The ideas are endless, but it’s critical to keep the event’s message simple. The event needs a theme and the product to sell that fits the theme. So the lawyer could set up consultations around labor law; the IT company could sell a security audit package etc.
But with a theme and a product or service to sell, it’s time to think about attendance.
Market Your Event To Both Existing And Potential Customers
An event without attendees is like a hot dog without a bun – not much fun at all. So once you’ve decided on your theme, it’s time to get people through the door. The first place to start, of course, is your existing customers. Reach out to them any way you can, including fliers, invitations, and email marketing.
Begin marketing the event at least a month in advance. But keep the marketing going all the way up to the day of the event. For smaller events, I’ve seen business owners pick up the phone to personally invite their top customers. It sounds intensive, but it’s worth it.
For new customers, Facebook and Instagram are budget-friendly ways to get the word out. Since the event is in-person and local, it makes targeting pretty easy. But also, your local media will likely be willing to publish the event news too. Local news stations, radio stations, local newspapers, and area bloggers are often open to sharing the word about local happenings.
Partnerships Can Share Costs And Customers
Another way to bolster attendance is to partner with other businesses that share the same customer profile without being a direct competitor. A law firm might partner with an accounting firm.
I spoke to Dan Bailey, President of WikiLawn, a lawn-care marketplace. He explained, “We’ve done events in partnership with clients. One local landscaper agreed to do a live broadcast showing people the best way to edge their lawn for maximum curb appeal and other helpful tips. It was a small presentation, but we’re hoping to build on that in the future.”

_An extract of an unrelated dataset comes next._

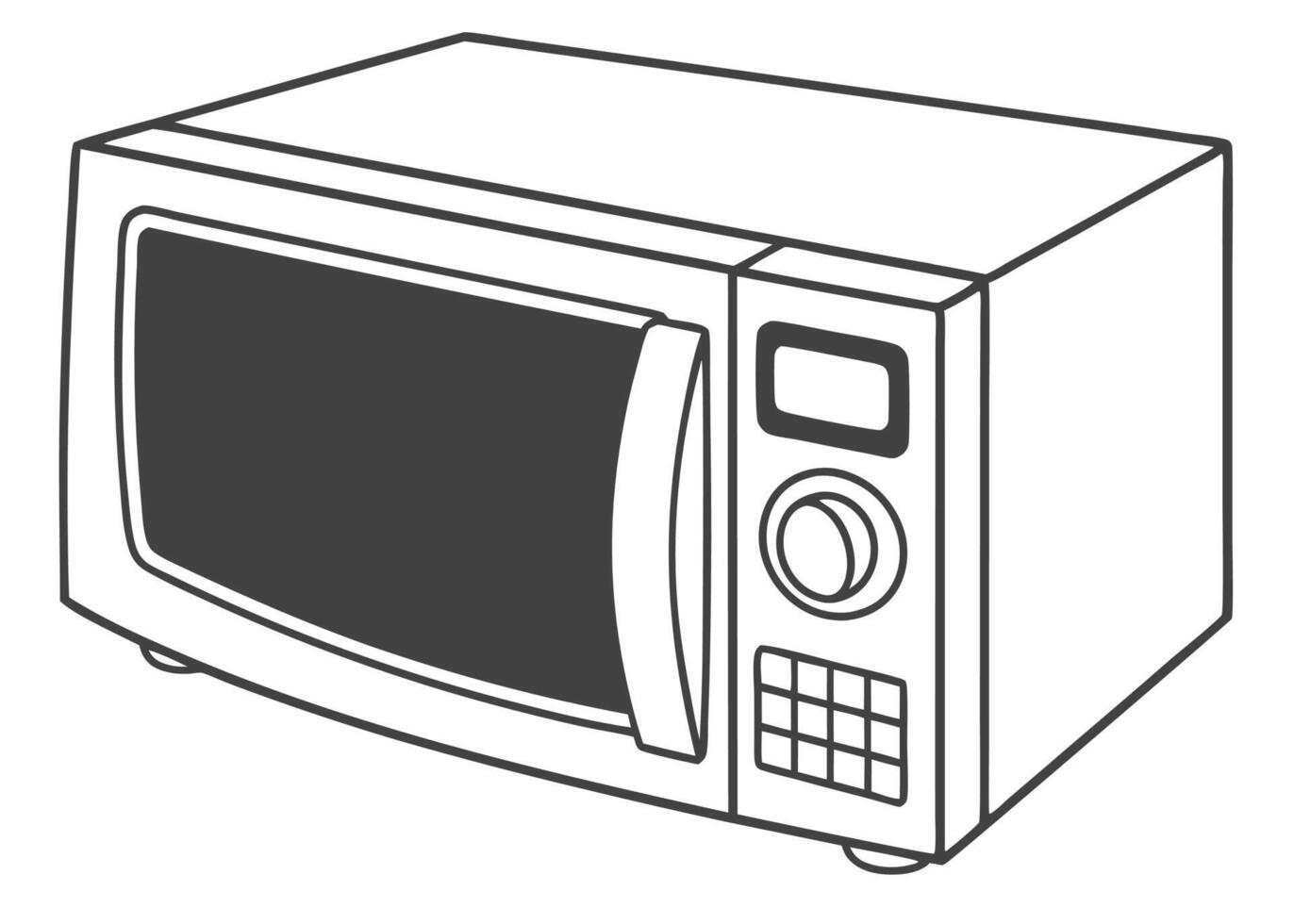 Simple black and white illustration of a modern microwave oven appliance ready for cooking purposes. vector
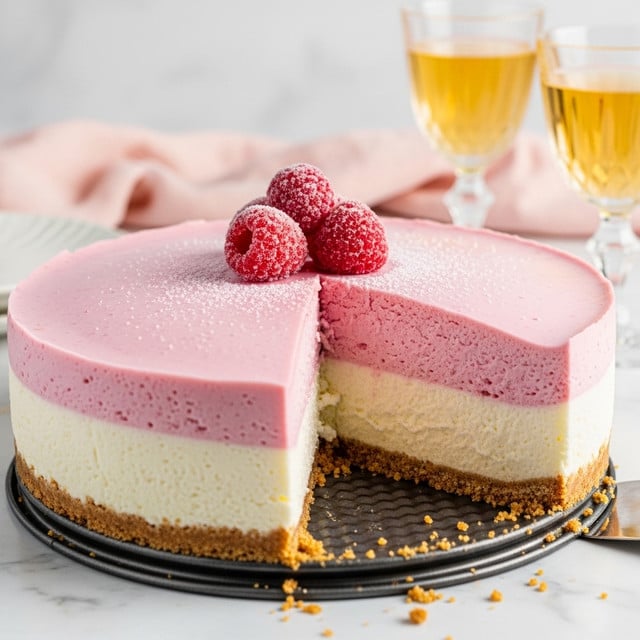 A thick cheesecake is shown with two layers: the bottom layer is creamy white with a dense texture, and the top layer is a smooth light pink. The cheesecake sits on a crumbly brown crust, in a round metal pan with a slice cut out, displaying the inside clearly. On top of the pink layer, there are three sugared red berries with a sugar dusting. The background has a soft pink cloth and two clear crystal glasses filled with a light golden drink, all on a white marbled surface. photo taken with an iphone --ar 4:5 --v 7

Turn Customers Into Influencers
When potential customers are in the room with your happiest customers, you’re creating an exceptionally potent conversion-machine. The potential customer can talk to satisfied customers, ask questions, and feel like they’re getting trustworthy answers because it’s not the business but a customer.
Another way of turning your attendees into influencers is by setting up an Instagram-worthy backdrop. This way, attendees will share your business with their followers. When building a name for yourself, this is an effective way of creating some local buzz.
Consider Your Customer
For many small businesses, you can keep things low-cost and casual. But you might want to rent a venue, hire an event planner, and invest in decor if your brand calls for it. High-end businesses might need to invest in creating an experience, and if you do go that route, don’t go it alone.
An event planner will save you time and money overall, and help you execute an exceptional event. But even so, don’t go big until you’re sure you can fill the venue. Even with high-end products, you can start with a small exclusive, even in your own place of business.
Event Marketing Is Within Reach
Getting together with customers and potential customers is the experience in and of itself. So don’t be afraid to try event marketing.